How’s Bronte supposed to catch waves when she keeps fighting with her big sister? She always wanted to be just like Carrie, but now they are growing apart. Bronte wants to do her own thing, but Carrie thinks Surf Riders Club is lame.
Now Bronte is torn between her friends and her sister. Will she get it together in time for the Beachcrest Carnival surf comp?
Ava, Alex, Bronte, Janani and Molly formed Surf Riders Club to help each other practise, but it has quickly become much more than that. Whether it’s learning how to get barrelled, problem parents or annoying boys, Surf Riders Club are there for each other, no matter what.
Officially endorsed by Surfing Australia and includes a special message from Tyler Wright, 2016 WSL Women’s World Surfing Champion.
‘kicks off in a very promising manner . . . Highly recommended for upper primary/early secondary readers.’
– Just So Stories on SURF RIDERS CLUB 1: AVA’S BIG MOVE
The second in The Surf Riders Club series focuses on Bronte, and the problems that come with having a big sister. Carrie is seventeen, and almost finished high school. Carrie’s obsession with boys, parties and being social hasn’t rubbed off on Bronte, who would rather surf and hang out with her friends and prepare for the Beachcrest Carnival surf competition. While Carrie tries to set her boyfriend’s younger brother up with Bronte, Bronte keeps trying to find a way to please her sister and keep herself happy. When her parents punish Carrie for breaking curfew, Carrie decides to use Bronte as a cover for going out when she’s not meant to. The arrival of their older brother, Oscar, helps a little, but no completely. What will it take for Carrie and Bronte to see eye to eye?
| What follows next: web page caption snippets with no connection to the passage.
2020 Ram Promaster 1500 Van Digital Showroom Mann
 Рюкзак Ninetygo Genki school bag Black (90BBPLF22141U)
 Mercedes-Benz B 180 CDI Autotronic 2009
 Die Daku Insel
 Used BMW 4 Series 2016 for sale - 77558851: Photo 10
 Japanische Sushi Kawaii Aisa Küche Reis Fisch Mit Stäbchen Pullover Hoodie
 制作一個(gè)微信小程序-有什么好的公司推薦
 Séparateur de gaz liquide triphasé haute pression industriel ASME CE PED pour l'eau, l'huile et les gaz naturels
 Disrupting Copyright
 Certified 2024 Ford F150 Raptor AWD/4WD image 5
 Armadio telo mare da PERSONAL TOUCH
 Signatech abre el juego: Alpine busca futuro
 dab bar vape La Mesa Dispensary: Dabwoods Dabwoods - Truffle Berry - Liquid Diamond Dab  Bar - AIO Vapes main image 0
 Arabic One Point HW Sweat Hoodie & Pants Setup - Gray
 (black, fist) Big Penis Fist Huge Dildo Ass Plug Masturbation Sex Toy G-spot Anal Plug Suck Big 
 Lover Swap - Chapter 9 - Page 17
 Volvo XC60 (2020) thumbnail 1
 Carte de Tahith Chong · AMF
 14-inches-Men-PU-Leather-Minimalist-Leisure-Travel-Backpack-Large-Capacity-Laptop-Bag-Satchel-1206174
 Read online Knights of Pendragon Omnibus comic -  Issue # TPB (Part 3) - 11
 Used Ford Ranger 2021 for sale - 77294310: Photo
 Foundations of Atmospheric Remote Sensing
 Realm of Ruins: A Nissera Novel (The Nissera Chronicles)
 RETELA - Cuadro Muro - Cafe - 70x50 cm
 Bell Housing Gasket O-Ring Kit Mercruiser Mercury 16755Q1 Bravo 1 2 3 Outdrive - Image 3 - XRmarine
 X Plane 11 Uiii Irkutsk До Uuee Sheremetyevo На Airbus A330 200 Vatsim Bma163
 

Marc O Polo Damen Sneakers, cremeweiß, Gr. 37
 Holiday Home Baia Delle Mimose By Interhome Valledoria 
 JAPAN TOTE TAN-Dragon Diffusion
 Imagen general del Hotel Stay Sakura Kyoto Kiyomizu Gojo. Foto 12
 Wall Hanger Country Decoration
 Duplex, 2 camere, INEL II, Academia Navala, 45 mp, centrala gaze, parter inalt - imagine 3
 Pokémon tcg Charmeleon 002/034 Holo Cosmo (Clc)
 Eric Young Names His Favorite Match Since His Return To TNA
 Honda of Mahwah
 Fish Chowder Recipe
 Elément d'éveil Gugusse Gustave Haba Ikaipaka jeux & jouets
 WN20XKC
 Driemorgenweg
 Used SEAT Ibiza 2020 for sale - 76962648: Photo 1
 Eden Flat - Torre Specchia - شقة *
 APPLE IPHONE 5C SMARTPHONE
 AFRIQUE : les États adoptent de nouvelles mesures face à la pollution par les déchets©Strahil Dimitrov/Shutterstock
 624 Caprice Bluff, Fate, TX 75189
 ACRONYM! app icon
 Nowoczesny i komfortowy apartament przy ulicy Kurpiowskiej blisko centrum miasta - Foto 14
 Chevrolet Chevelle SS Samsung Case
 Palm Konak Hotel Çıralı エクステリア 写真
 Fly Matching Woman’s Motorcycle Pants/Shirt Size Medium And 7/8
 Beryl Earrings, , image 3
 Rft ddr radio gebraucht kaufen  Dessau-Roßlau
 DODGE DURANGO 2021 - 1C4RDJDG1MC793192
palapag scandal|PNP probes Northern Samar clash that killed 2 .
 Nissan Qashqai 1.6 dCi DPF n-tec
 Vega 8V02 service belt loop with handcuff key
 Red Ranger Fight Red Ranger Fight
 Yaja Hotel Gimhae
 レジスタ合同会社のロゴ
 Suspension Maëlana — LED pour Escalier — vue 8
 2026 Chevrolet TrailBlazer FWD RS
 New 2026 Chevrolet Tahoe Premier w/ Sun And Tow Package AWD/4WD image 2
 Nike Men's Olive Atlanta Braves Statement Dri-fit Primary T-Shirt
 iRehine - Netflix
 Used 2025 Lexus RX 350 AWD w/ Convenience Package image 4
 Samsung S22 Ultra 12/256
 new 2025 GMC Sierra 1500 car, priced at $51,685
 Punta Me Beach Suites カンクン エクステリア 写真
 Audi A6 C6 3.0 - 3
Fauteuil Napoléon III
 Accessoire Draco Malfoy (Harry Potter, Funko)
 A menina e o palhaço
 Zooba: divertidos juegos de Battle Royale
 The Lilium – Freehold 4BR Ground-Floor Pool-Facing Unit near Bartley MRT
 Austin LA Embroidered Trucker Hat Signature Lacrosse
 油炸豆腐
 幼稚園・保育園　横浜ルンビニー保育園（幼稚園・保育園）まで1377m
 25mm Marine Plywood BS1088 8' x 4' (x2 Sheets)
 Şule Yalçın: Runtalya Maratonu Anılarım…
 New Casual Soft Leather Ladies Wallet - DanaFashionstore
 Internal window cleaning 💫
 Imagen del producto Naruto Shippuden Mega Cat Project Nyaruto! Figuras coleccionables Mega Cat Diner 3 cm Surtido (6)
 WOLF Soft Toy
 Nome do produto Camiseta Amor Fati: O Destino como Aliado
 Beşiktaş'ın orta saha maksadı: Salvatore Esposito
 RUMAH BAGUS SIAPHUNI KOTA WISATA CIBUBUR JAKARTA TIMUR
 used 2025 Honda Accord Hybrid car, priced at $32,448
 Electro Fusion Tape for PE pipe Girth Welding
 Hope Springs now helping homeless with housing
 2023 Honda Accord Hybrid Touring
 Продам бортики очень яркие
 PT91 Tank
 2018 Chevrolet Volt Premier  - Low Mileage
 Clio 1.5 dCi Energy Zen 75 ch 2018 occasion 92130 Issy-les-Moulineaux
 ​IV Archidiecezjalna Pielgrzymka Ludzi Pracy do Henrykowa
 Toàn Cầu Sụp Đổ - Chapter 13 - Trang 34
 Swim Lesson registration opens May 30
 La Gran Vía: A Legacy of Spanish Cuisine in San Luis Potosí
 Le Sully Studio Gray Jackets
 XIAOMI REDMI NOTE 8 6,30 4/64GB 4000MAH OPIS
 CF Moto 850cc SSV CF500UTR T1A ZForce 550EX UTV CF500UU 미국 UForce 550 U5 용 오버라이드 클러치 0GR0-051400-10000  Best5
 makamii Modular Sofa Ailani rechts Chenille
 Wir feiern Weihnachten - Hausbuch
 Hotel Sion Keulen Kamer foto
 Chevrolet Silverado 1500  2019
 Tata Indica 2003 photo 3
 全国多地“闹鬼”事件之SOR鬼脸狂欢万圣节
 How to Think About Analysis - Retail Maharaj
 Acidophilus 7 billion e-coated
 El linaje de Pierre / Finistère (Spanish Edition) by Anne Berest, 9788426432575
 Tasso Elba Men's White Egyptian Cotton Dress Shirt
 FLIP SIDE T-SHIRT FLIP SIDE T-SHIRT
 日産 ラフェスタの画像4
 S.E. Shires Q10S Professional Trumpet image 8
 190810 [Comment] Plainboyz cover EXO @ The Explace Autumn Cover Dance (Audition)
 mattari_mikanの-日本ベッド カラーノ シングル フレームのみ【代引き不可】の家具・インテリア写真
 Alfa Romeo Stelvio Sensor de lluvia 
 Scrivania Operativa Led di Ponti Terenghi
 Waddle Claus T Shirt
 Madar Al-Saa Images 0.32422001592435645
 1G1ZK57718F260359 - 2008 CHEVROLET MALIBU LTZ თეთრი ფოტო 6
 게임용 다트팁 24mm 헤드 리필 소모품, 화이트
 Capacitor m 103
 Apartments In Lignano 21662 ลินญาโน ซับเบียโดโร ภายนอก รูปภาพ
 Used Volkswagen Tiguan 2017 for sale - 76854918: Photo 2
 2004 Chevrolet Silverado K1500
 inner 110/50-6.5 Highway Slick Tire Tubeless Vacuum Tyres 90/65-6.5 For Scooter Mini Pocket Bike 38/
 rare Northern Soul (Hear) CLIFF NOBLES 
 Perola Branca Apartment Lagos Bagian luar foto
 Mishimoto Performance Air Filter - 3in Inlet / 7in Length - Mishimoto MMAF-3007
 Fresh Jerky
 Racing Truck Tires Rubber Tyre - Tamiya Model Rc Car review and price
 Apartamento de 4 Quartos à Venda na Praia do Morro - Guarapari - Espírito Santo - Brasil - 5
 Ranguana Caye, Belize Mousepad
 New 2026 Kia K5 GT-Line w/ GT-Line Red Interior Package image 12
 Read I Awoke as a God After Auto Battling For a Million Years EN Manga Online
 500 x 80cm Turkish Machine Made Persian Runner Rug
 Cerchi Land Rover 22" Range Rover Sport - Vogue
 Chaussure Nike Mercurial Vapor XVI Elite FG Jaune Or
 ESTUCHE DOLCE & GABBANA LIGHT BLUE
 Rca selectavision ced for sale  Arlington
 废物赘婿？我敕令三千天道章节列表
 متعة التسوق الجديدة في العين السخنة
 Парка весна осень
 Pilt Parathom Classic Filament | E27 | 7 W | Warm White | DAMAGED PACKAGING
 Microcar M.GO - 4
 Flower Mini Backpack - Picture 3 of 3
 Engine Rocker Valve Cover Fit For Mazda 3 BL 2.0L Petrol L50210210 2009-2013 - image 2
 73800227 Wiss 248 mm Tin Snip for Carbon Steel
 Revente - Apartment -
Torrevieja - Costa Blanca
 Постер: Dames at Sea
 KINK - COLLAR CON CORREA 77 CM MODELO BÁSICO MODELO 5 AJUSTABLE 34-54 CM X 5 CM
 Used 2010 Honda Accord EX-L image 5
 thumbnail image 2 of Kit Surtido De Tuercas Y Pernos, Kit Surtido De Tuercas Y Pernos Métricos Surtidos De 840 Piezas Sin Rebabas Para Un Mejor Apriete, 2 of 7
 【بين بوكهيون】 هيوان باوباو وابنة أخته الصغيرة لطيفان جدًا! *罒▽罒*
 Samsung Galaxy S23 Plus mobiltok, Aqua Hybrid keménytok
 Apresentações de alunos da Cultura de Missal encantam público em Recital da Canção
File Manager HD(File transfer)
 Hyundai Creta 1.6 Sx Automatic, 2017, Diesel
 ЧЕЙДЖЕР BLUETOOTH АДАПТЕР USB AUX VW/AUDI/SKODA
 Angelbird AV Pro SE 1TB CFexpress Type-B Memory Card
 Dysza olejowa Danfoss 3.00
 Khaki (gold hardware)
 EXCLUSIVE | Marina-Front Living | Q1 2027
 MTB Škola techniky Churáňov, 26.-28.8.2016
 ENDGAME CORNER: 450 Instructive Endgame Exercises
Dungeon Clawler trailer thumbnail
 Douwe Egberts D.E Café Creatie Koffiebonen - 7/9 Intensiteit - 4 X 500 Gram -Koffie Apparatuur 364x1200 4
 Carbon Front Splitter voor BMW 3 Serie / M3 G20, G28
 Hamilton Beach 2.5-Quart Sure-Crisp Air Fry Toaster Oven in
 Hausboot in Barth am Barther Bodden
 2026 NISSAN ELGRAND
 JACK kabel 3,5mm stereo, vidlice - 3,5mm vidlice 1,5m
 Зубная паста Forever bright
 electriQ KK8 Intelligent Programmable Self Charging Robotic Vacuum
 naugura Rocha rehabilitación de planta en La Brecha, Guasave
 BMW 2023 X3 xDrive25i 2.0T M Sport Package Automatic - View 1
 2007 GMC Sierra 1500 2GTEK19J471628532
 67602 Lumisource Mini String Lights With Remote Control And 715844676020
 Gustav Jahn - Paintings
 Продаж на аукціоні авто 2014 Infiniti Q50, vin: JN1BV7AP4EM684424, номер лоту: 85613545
Like its predecessor, Bronte’s Big Sister Problem presents its titular character with a problem that children and teens might face with friends or older siblings that readers of the series can relate to, such as moving away, or conflicts over interests with siblings – what a sibling might want you to do to keep them happy, and trying to find a way to compromise and make everyone happy.
Surfing is a main theme of the story again, and Bronte is a little more into it than the other characters, so seeing it through her eyes, it was a little more pronounced. Though simply told, the conflict with Carrie was interesting and gave the story some more interest than just the surfing, though girls who enjoy surfing will like seeing characters like themselves taking part in an activity they may not have thought about doing.
The story is complex, but the language is simple, aimed at primary school aged children, and early high school aged children. it is written in an accessible way for all readers, reluctant and confident, and will hopefully encourage reluctant readers to try reading, and help those struggling to gain confidence in their reading abilities. I enjoyed the themes of friendship and family the most, and loved the diversity of characters – just a simple mention acknowledged them and worked brilliantly.
Highly recommended for ages seven and older.